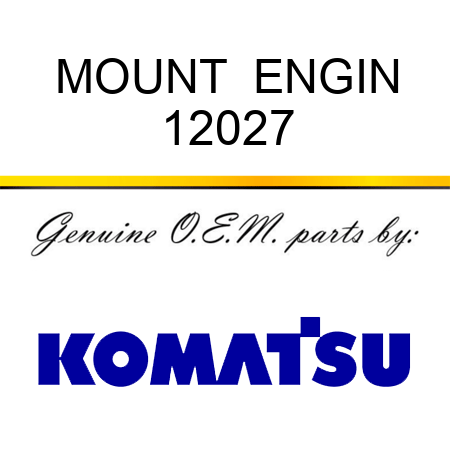 MOUNT  ENGIN 12027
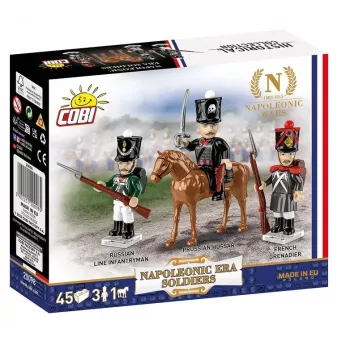 COBI KLOCKI Napoleonic Era karavīrs celtniecības bloku minifigūra
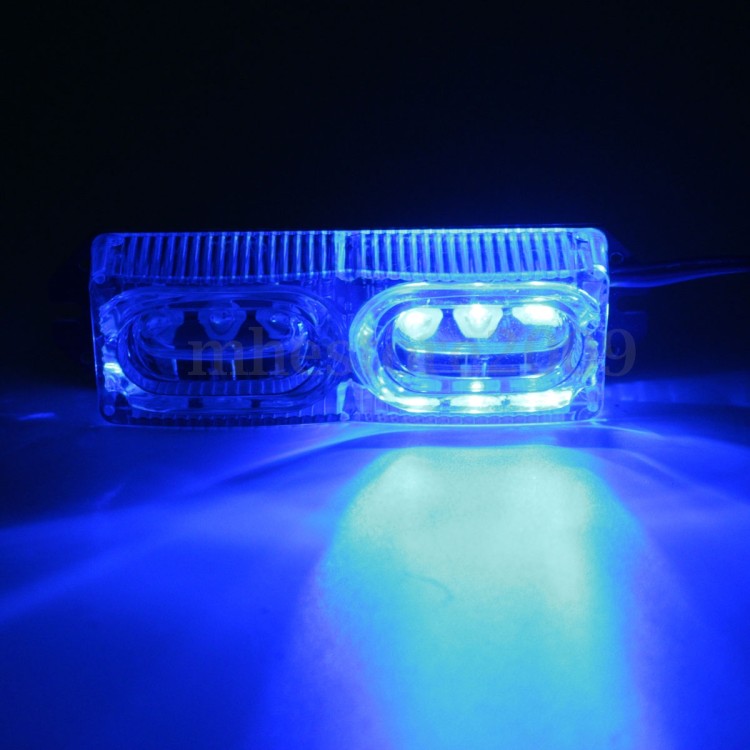 6 Led Strobe φρένων σούπερ φωτεινά μοτοσυκλέτας - οχημάτων 12V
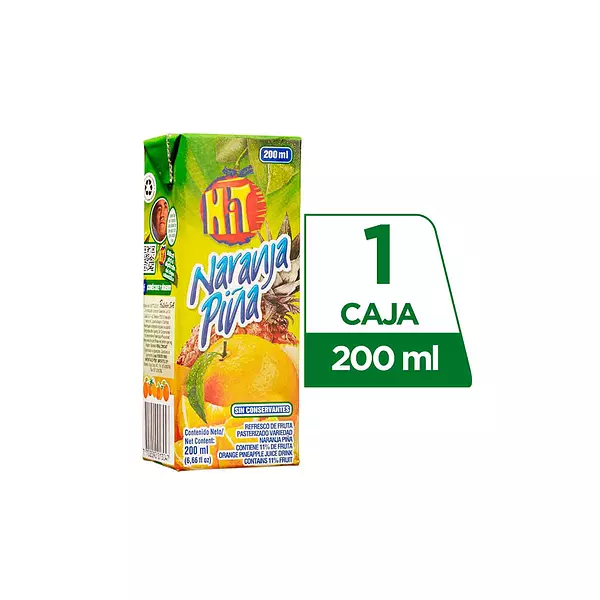 Refresco Hit de Naranja Piña Tetrapack 200ml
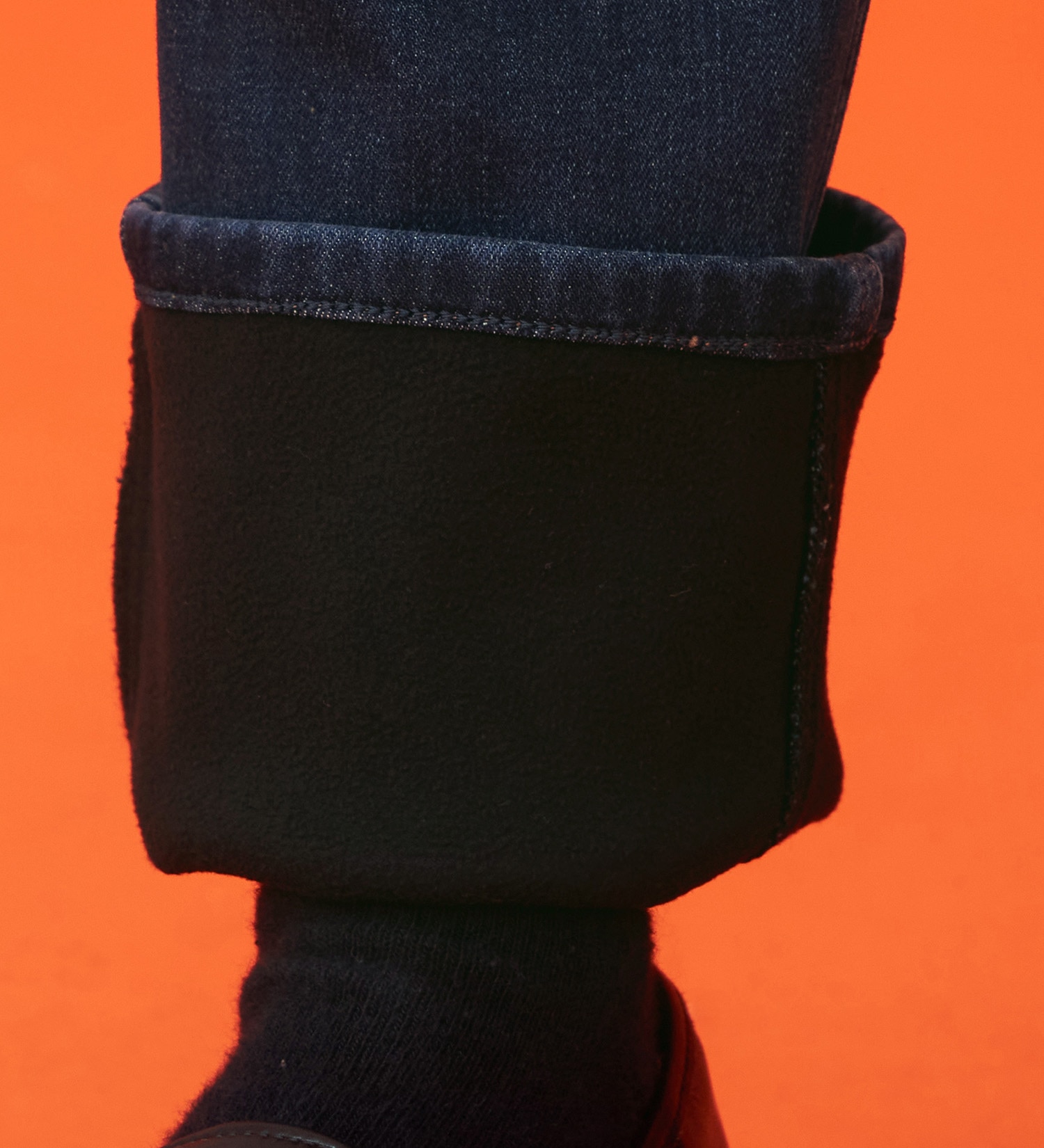 EDWIN(エドウイン)の【暖】BODY FIRE ストレートデニムパンツ【アウトレット店舗・WEB限定】|パンツ/デニム / ジーンズパンツ/レディース|濃色ブルー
- - - - -
### YOUR TASK
Starting at the line that contains "Refresco Hit de Naranja Piña Tetrapack 200ml", restate every line through the end of the records exactly as written, but leave the pictures out.

### RESPONSE
 Refresco Hit de Naranja Piña Tetrapack 200ml
 EDWIN(エドウイン)の【暖】BODY FIRE ストレートデニムパンツ【アウトレット店舗・WEB限定】|パンツ/デニム / ジーンズパンツ/レディース|濃色ブルー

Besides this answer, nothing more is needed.